What needs to be done
Below is a listing with pictures. Repeat exactly the lines starting at the one holding "Evogen Fiber - Premium" and going on through the one holding "Welcome to School", and leave every picture out.

Dataset records
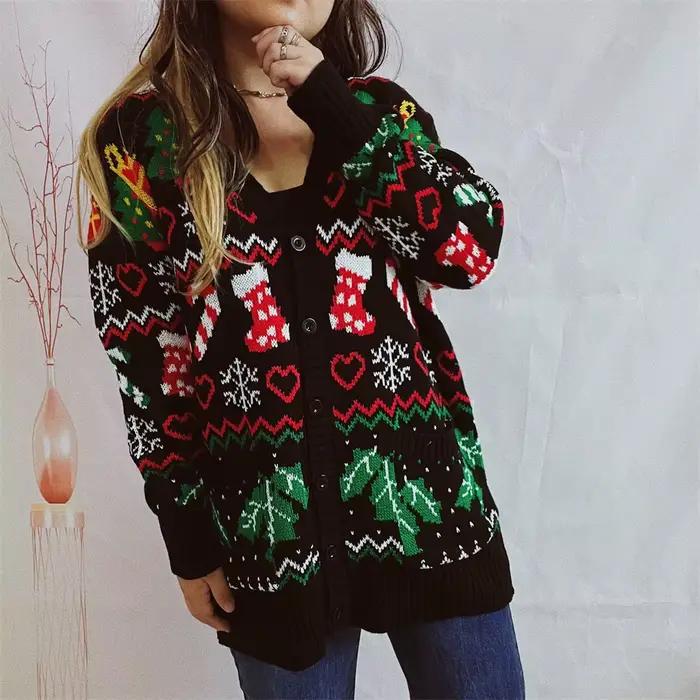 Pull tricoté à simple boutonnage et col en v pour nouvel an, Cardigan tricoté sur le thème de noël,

==

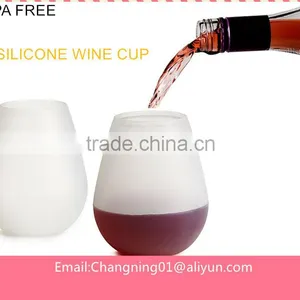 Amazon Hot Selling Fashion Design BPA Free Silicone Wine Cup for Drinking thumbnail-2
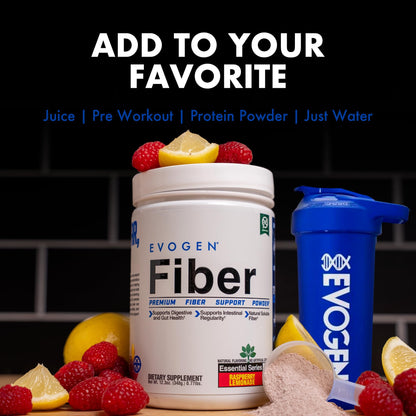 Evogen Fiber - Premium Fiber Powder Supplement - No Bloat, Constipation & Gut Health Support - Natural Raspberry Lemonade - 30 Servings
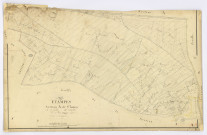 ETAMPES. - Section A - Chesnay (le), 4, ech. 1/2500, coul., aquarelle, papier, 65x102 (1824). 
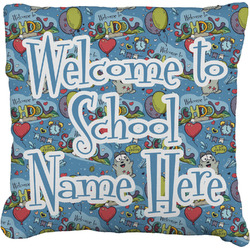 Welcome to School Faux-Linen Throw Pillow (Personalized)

---

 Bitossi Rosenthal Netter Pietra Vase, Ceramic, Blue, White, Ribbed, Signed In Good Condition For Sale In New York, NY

Response to the task
 Evogen Fiber - Premium Fiber Powder Supplement - No Bloat, Constipation & Gut Health Support - Natural Raspberry Lemonade - 30 Servings
 ETAMPES. - Section A - Chesnay (le), 4, ech. 1/2500, coul., aquarelle, papier, 65x102 (1824). 
 Welcome to School Faux-Linen Throw Pillow (Personalized)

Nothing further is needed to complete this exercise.